China and its uprising social media revolution

Posted on 19th Jul 2012 by Katy Cowan in Blog

It was so interesting to hear on BBC Radio4 this morning about China and its ongoing social media revolution. According to the news report, more than 300 million people are now signed up to Sina Weibo, China's own version of Twitter.

The service - which continues to attract more fans every day - is being heralded as a 'new wave of self expression' in a society where self expression has traditionally been dangerous and unwelcome.

Apparently, the social network is helping people to form groups and come together all over China. It's encouraging civil society to flourish and is sparking a whole revolution on the way people communicate over there.

Of course, this isn't the first time we've seen social media and its impact on certain cultures. It literally changes things overnight by bringing about increased freedom of speech as well as sparking uprisings all over the globe.

It's therefore no surprise that the Chinese government is still fighting it. According to the BBC, they regularly release a list of banned keywords to companies like Weibo, for example 'Hong Kong March' has been banned after protests there. And if it's included in a post, it'll also be deleted.

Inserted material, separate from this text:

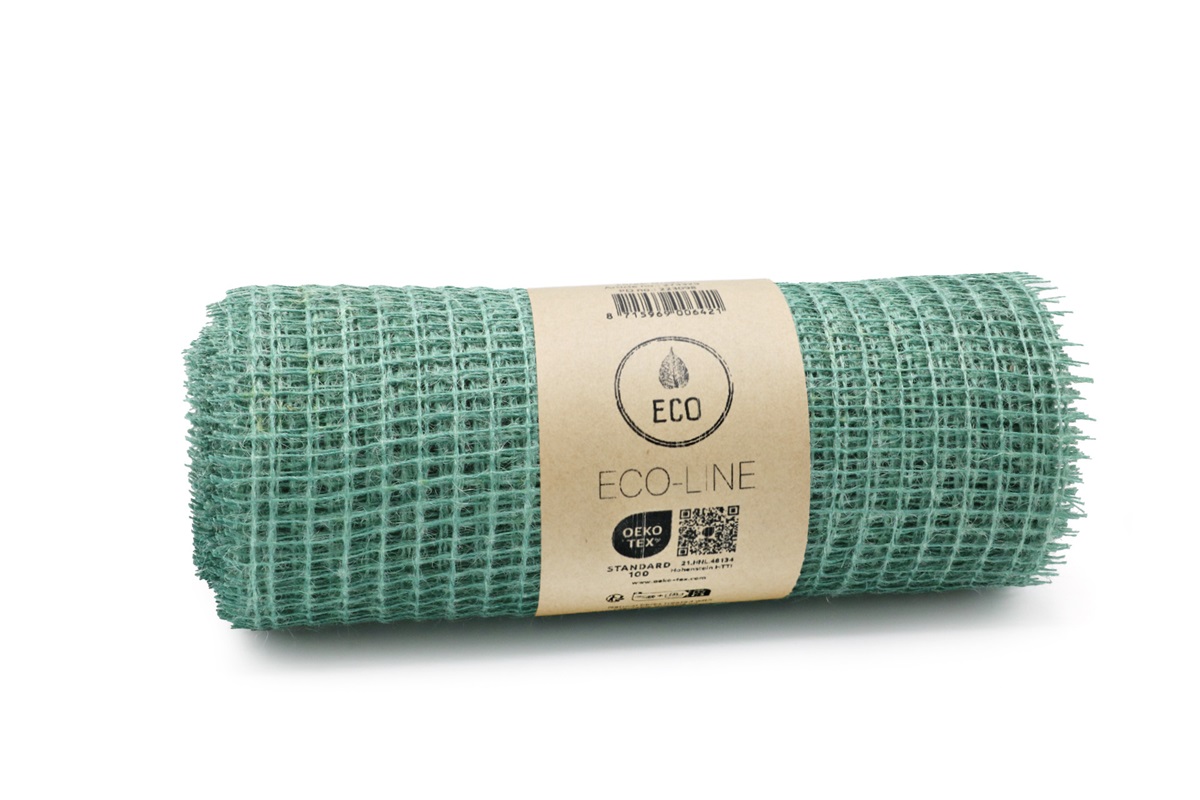 Efni Sizo Line 30cm*5m sage grænn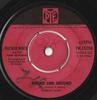 7-дюймовая пластинка DICKIE ROCK THE MIAMI SHOWBAND Round And Around 7N15750 PYE 1965 UK Rock Б/у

But that hasn't stopped people from speaking their minds. They'll avoid the banned keywords and instead use puns and cartoons to challenge the powers that be and their keyword system.

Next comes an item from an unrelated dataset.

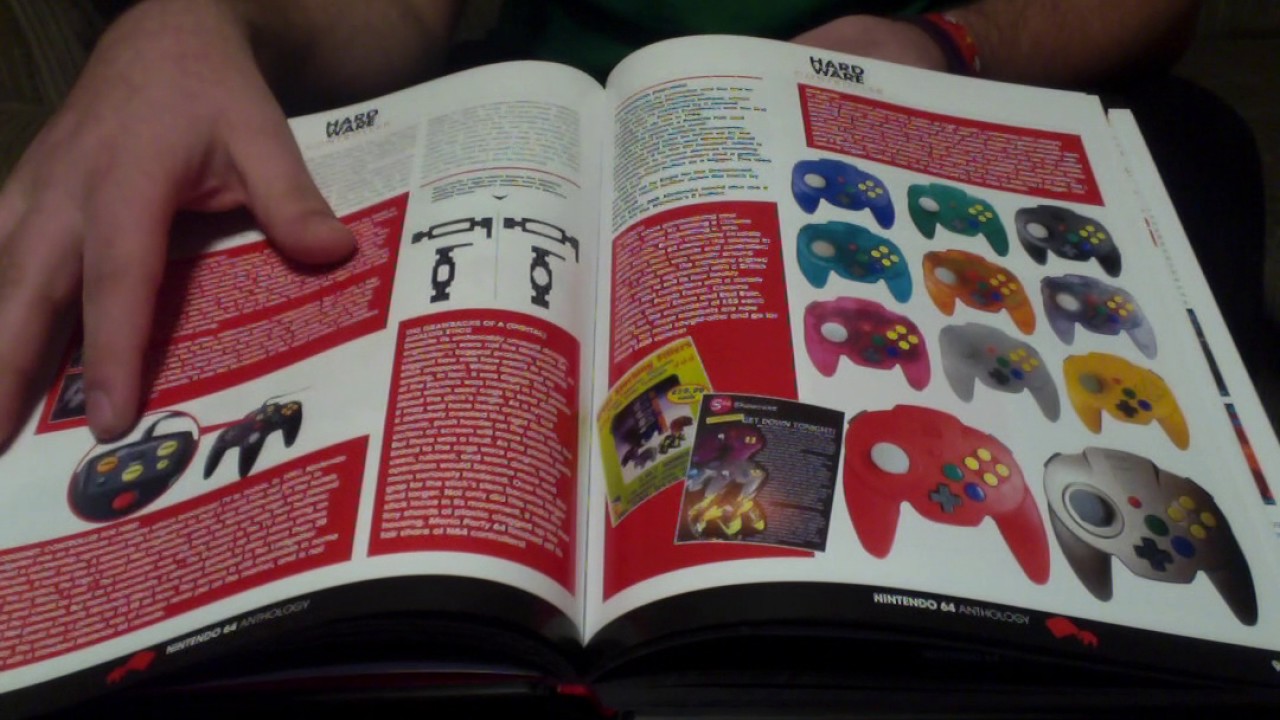 Nintendo 64 Anthology Review (Collector's Edition)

Make no mistake, China is changing thanks to the ever-growing power of social media, which is turning cultures upside down. It's changing the system in a way that governments are no longer the ones who hold all the playing cards - it's the people, in their powerful numbers, who are making their voices heard. And the positive outcome of that is freedom of speech, people power and democracy.

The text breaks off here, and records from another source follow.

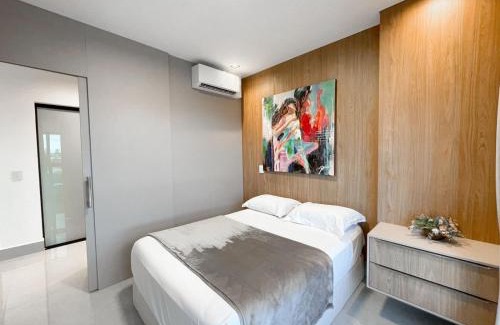 Jardim dos Estados Apartment | Studio Vista Dourada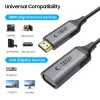 Tech-protect Ultraboost Adapter Hdmi To Vga Full Hd 60hz Fekete-5906302321827 2 kép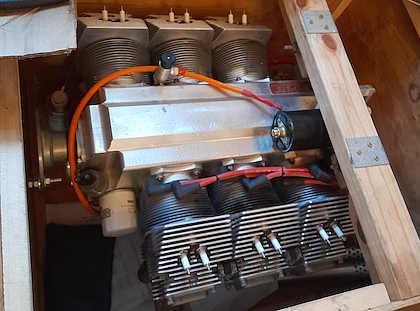 Jabiru Motor HP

We've seen the Middle East and its uprisings in recent years. We've seen how people who share a passion can make political and social changes, simply by coming together through an online social network.

Now it's happening elsewhere. We will look back on this moment in history as the 'digital revolution' and how it brought the world together, changed the way we communicated, transformed cultures and allowed small businesses to flourish and go global.